The Question Is Freedom
There it is, and it will not go away: the question of the soul. It brings us back to the aforementioned disagreement with Joseph Frank, a disagreement which, I regret to say, is inescapable and basic. I regret to say it because it seems almost a sin against gratitude for the enormous gift that is his Dostoevsky. But it must be said: The driving motif around which Dostoevsky’s life and work cohere is not the conflict between “reason and irrational faith.” It is, rather, the conflict between freedom and the enemies of freedom, however variously disguised. It is between the affirmation and the denial of the reality of the human soul.
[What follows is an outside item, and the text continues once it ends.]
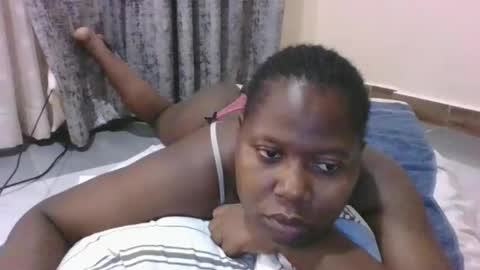 Snapshot of mamasita2023 chatting on 03-09-25, 04:05 mamasita2023 online show from 03-09-25, 04:05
The simple Russian people knew they had souls. Dostoevsky fiercely defended popular Christian piety, even when it appeared to be superstitious and fantastical. In response to a critic he writes, “They need sacred objects by their side, visible, as reflections of Godliness. One must believe, aspire to the invisible God, but revere Him on earth with simple customs that are related to Him. You can tell me that such belief is blind and naive, and I will reply that faith should be that way. We can’t all be theologians.” And, we might add, a good thing too. The people are not theologians, but, as we shall see, Dostoevsky, although an artist and not a theologian in any academic sense, is given to careful theological reflection. Joseph Frank is inclined to disparage this at almost every turn. He describes Dostoevsky’s Weltanschauung as one of “apocalyptic intuitions of impending cosmic chaos, religious irrationalism, and mystical nationalism”—and they are all of a piece. At several points, Frank even compares Dostoevsky with Kierkegaard in what he calls his intuition of the “total irrationality and subjectivity” of faith.
Yet he also quotes, without attempting to explain, Dostoevsky’s emphatic rejection of the claim that faith is irrational. The real irrationality, Dostoevsky insists, is represented by forms of Enlightenment, and often atheistic, rationalism that he sometimes terms “Euclidian.” “Infinite wisdom,” says Dostoevsky, “crushes the mind of man, but he seeks it. Existence must be unquestionably and in every instance superior to the mind of man. The doctrine that the mind of man is the final limit of the universe is as stupid as stupid can be, and even stupider, infinitely stupider, than a game of checkers between two shopkeepers.” That may be described as an affirmation of the supra-rational, but it is not, as Frank claims, “irrational.” It is, rather, a conclusion to which Dostoevsky is compelled by reason.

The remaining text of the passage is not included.